While John Milius is listed along with Francis Ford Coppola is the co-writer of Apocalypse Now, it is unclear which man was the driving force behind the iconic helicopter attack. What’s not unclear is that it’s by far the best sequence in what is in many ways an overblown, confused mess. I think most people would agree that after Robert Duvall exits stage right after declaring that “Charlie don’t surf” the film dearly misses his presence. Loosely based on Joseph Conrad’s short novel Heart of Darkness, which re-imagined King Leopold’s genocide as a journey into the heart of European arrogance and hypocrisy, Apocalypse Now has two big problems. The first is that the motivations of Captain Williard, the lead character played by a rather glum Martin Sheen — who had a heart attack during the film’s production — are never entirely clear. Unlike Conrad’s alter ego Marlowe, Williard, a CIA operative charged with assassination a rogue counterinsurgency officer played by Marlon Brando, has no consistent point of view. He accepts the mission out of some deep need to be a part of a CIA black op, but unlike Colonel Kilgore, the wonderfully insane “Air Cavalry” commander played by Duvall, he doesn’t seem to enjoy death and destruction for its own sake. He has no real axe to grind with Colonel Walter E. Kurtz, the rogue Green Beret played by Marlon Brando who established himself along the Cambodian border and set himself up as a demigod over a cult of native admirers. Indeed, he even wonders why the army even wants Kurtz dead.

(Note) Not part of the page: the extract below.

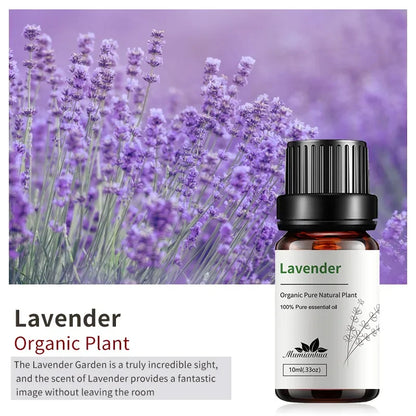 Natural Lavender Diffuser Oil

The second problem is Marlon Brando himself, who phones in a performance so lazy and uninspired he seems to be making fun of us. At least when Orson Welles did wine commercials because he needed the money he put in a halfway credible day’s work.
My guess is that both the liberal Coppola and the reactionary Milius would have liked to have made Apocalypse Now from the point of view of the Vietnamese communists, those incredibly brave warriors who defeated both the French and the American empire in less than two decades. Both men, however, liked to play with big budgets and expensive military hardware. The helicopter attack was only possible because Ferdinand Marcos, the anti-communist dictator of the Philippines donated the helicopters and the pilots. Had Brando not been such a fat, lazy cunt and actually decided to act instead of just mumble, his portrayal of Kurtz might have emerged as a loosely fictionalized dramatization of Pol Pot, the genocidal, and by the way American supported, dictator in Cambodia who transformed an ancient civilization into a death cult that put Jim Jones to shame. Instead we are left with a film that is brilliant in many of its individual scenes, the USO show that turns into a riot, the emergence of Williard as a war criminal willing to shoot a teenage girl through the head rather than risk a mission he doesn’t really believe in, the lurid night combat along the Cambodian border, but a story that never quite comes together as a whole, 3 hours sailing up a far off river, not into the heart of the American darkness to confront an evil, but charismatic cult leader, but into one of the worst performances a great actor ever gave in his career.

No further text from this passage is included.